┌────────

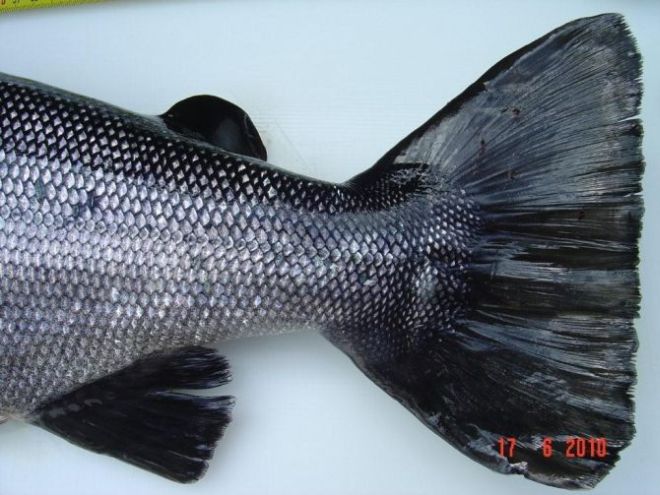 Tintti-Uistimen galleria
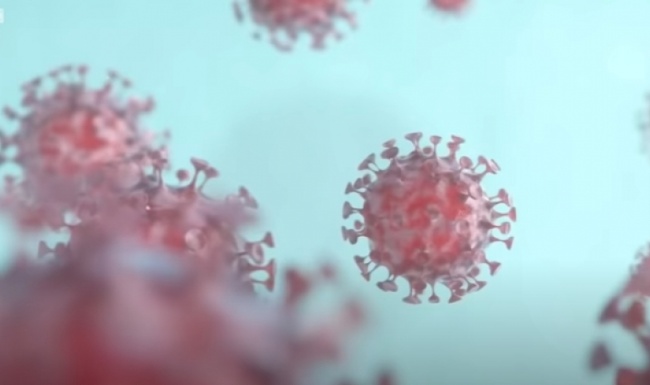 Coronavírus: O que a covid-19 faz com o seu corpo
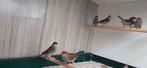Doornastrilde koppel, Dieren en Toebehoren, Vogels | Overige Vogels, Meerdere dieren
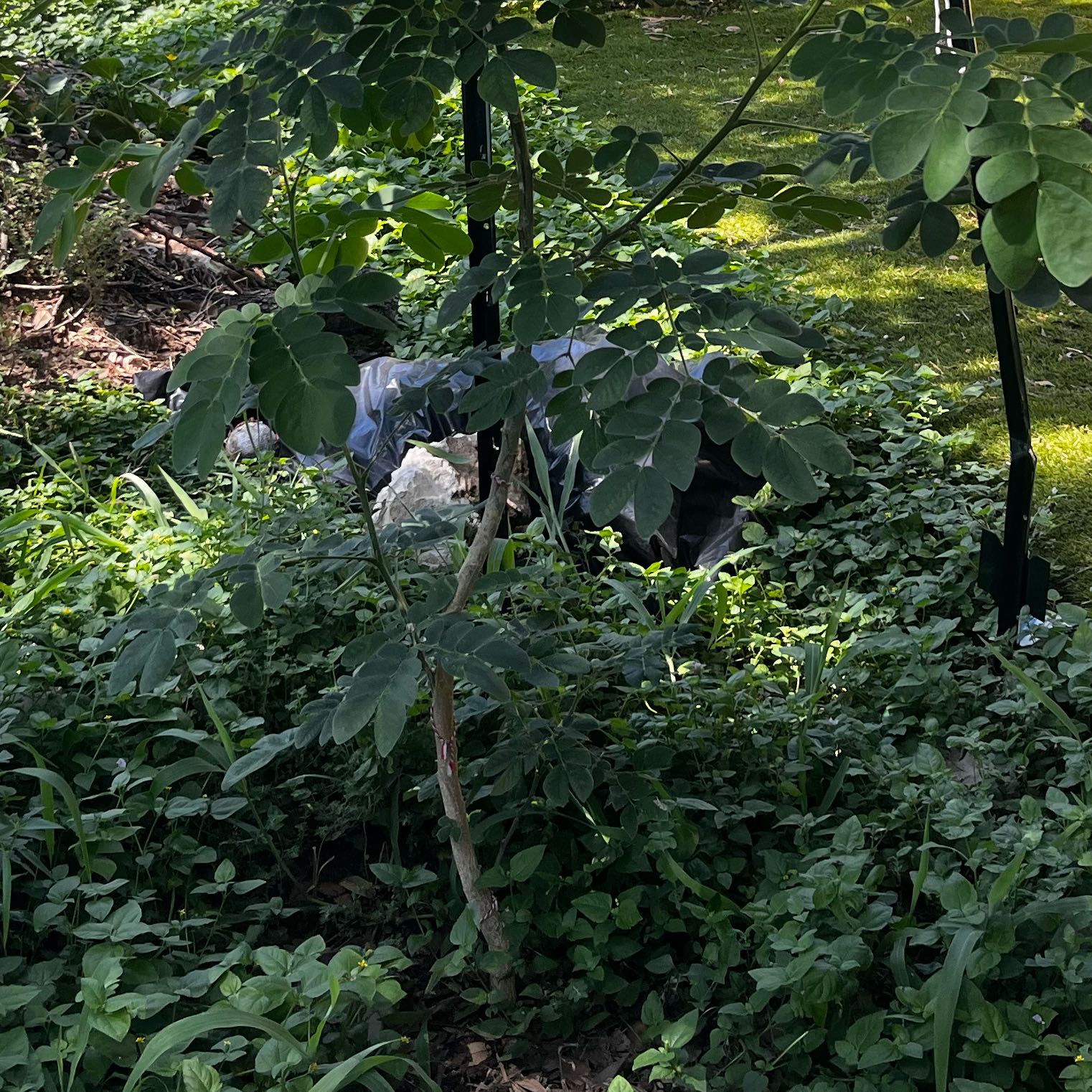 Photo of the plant species Monkeypod Tree by @SirOmnom91 named Aria on Greg, the plant care app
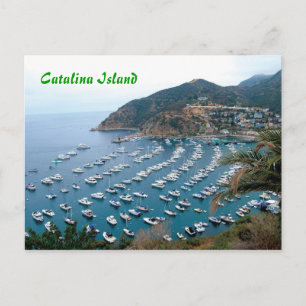 Catalina Island Postcard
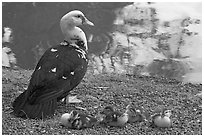 Duck and chicks, Byodo-In temple. Oahu island, Hawaii, USA ( black and white)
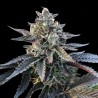 GELATO SORBET · DNA Genetics · kenevir tohum · disi · Fem
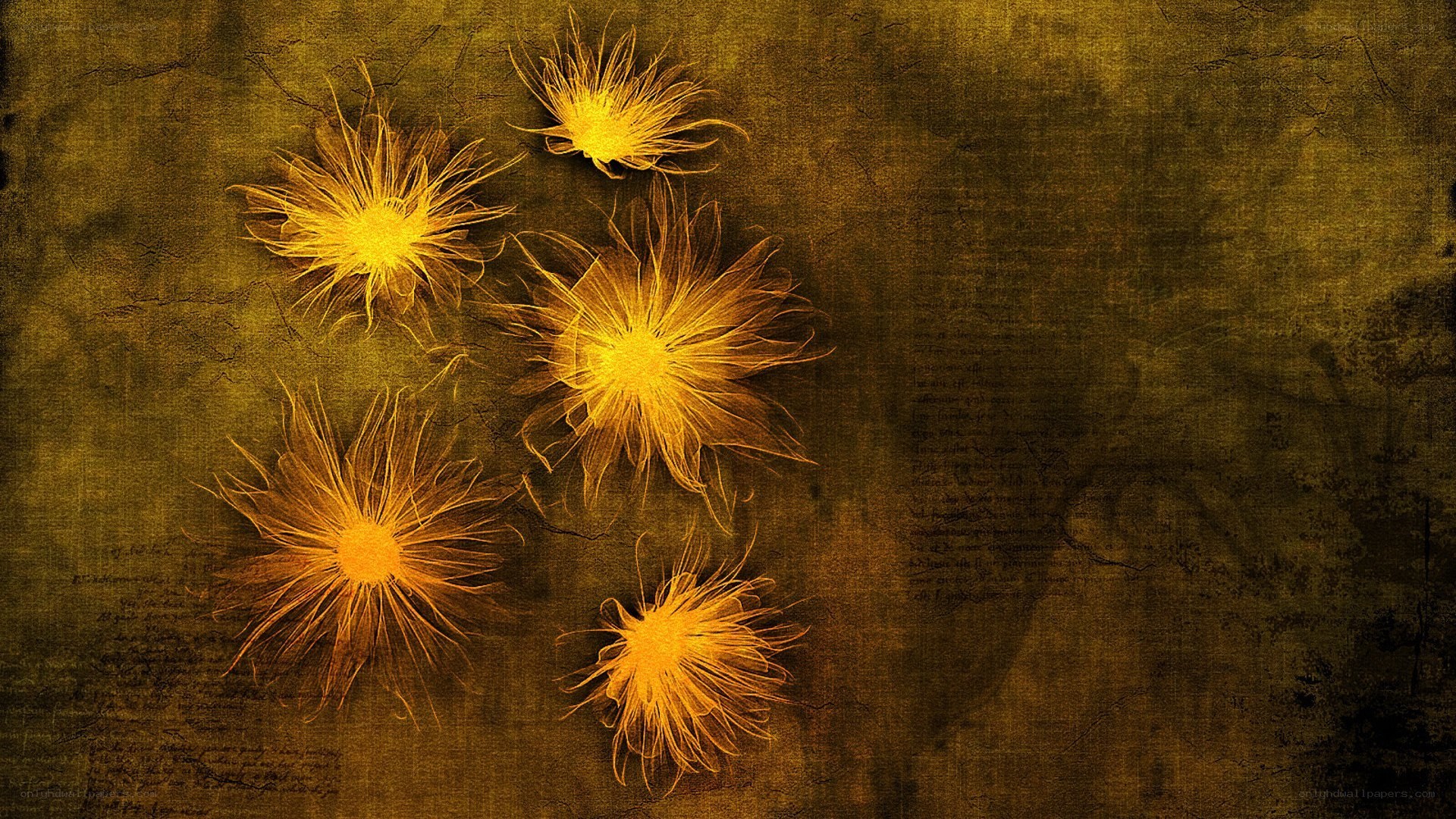 glowing yellow flowers on dark background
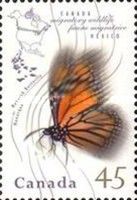Monarch Butterfly (Danaus plexippus)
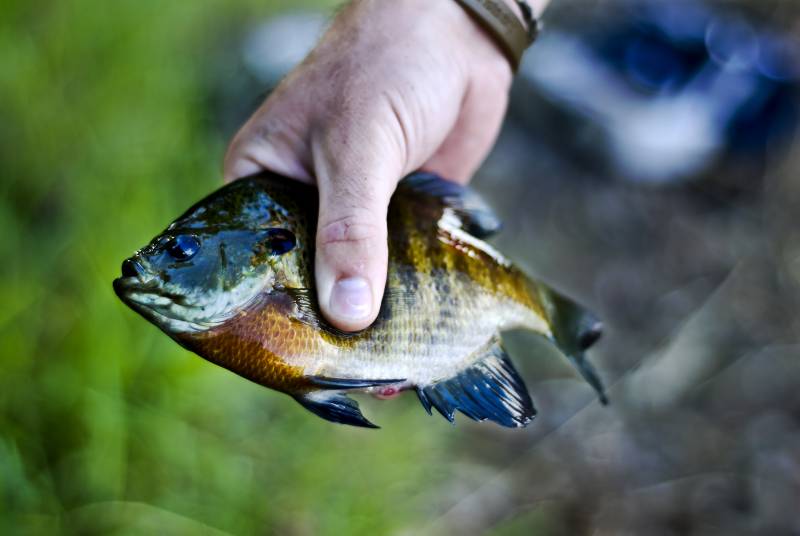 Bluegill in Minnesota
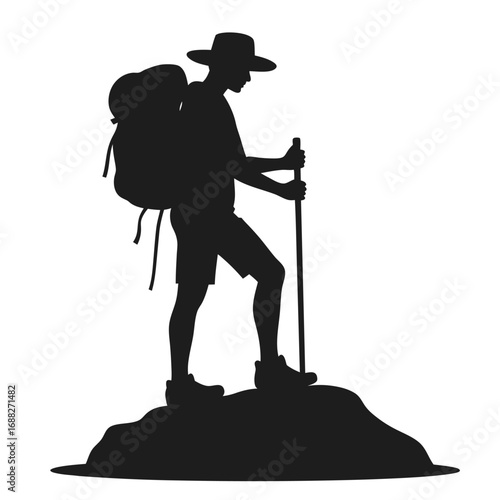 Silhouette of a hiker with backpack and trekking pole on a rock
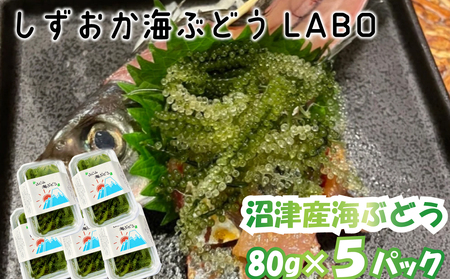 【数量限定】海ぶどう 80g×5パック 産地直送 海ぶどう
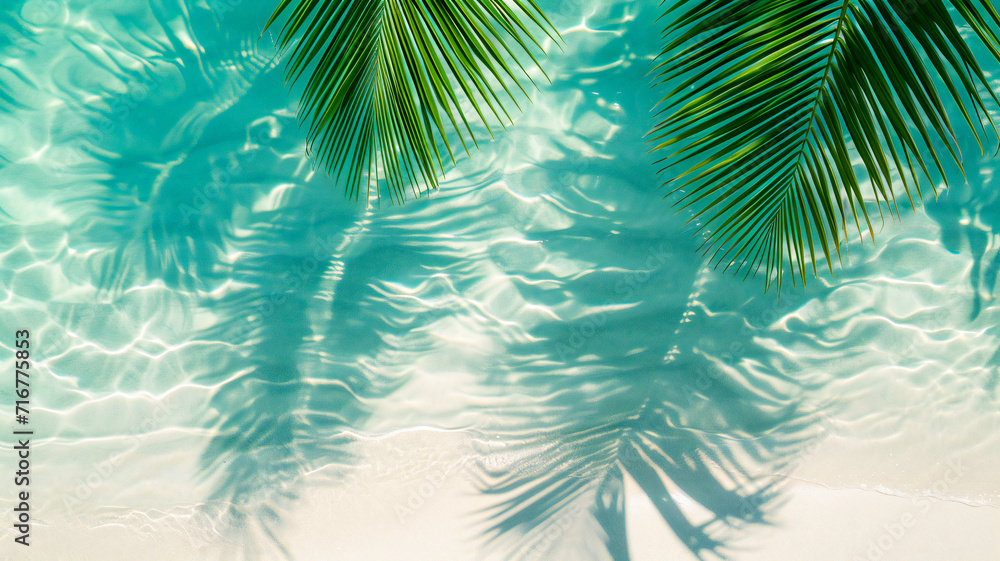 palm tree on the beach background 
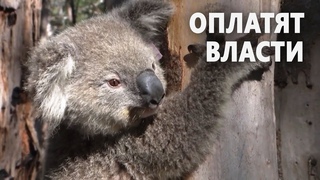 В Новом Южном Уэльсе откроется ветклиника для коал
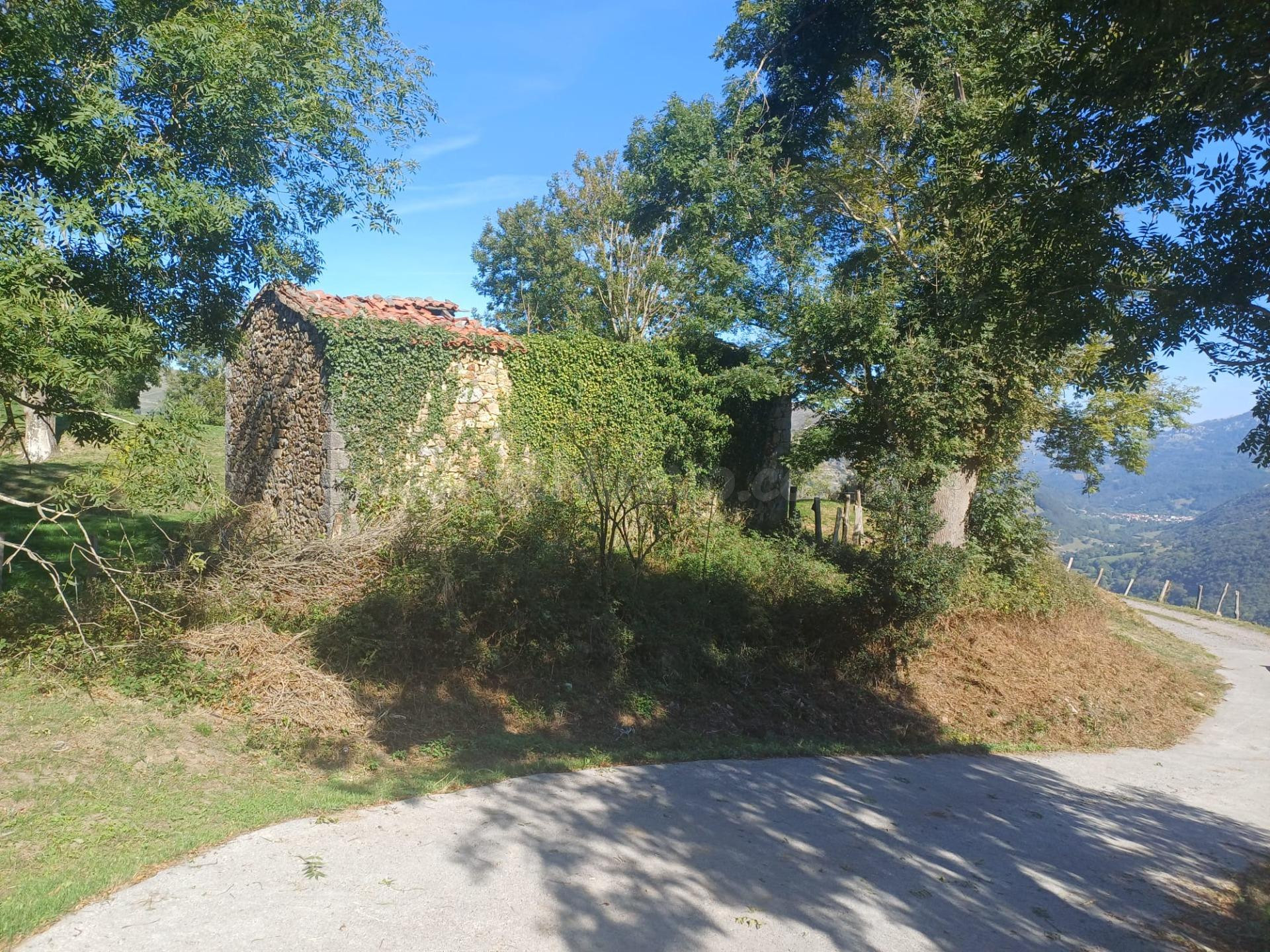 SE VENDE FINCA Y CABAÑA EN BUSTABLADO DE ARREDONDO (CANTABRI - foto 5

└────────

## EXERCISE GOAL
Leave every picture out and write out, word for word, the lines from the one that contains "glowing yellow flowers on dark background" through the last line of the records.

## EXERCISE ANSWER
 glowing yellow flowers on dark background
Monarch Butterfly (Danaus plexippus)
 Bluegill in Minnesota
 Silhouette of a hiker with backpack and trekking pole on a rock
 【数量限定】海ぶどう 80g×5パック 産地直送 海ぶどう
 palm tree on the beach background 
 В Новом Южном Уэльсе откроется ветклиника для коал
 SE VENDE FINCA Y CABAÑA EN BUSTABLADO DE ARREDONDO (CANTABRI - foto 5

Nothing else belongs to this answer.